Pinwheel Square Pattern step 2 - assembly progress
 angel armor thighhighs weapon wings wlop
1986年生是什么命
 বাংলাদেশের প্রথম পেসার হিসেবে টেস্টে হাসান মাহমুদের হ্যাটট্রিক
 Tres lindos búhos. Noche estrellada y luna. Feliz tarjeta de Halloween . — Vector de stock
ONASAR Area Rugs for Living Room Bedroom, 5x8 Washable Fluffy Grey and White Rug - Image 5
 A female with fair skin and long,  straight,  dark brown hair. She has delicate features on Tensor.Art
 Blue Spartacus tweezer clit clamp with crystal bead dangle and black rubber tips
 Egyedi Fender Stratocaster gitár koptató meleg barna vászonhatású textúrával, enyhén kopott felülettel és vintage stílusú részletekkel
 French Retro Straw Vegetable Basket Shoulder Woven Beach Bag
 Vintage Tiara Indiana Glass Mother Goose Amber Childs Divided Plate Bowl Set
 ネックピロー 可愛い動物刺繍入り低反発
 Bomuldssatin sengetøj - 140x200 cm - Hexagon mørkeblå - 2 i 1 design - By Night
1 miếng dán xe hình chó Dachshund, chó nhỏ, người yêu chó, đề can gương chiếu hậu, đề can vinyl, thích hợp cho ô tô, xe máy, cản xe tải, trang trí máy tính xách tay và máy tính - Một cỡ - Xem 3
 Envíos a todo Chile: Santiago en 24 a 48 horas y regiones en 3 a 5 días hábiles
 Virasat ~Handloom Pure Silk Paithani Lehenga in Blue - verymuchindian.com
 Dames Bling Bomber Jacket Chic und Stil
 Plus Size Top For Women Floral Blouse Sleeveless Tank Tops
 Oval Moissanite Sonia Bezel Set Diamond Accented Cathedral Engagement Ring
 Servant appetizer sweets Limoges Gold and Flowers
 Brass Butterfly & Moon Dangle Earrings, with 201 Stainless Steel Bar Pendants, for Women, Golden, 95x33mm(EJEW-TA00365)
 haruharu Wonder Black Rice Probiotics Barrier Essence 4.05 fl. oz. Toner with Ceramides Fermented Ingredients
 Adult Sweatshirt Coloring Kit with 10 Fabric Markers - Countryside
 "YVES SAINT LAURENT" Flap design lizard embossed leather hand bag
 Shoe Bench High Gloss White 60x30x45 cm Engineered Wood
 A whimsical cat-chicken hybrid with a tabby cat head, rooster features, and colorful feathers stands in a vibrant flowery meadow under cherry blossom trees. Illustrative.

────

# Exercise
Please say how many lines above contain "White", number only.

# Task solution
2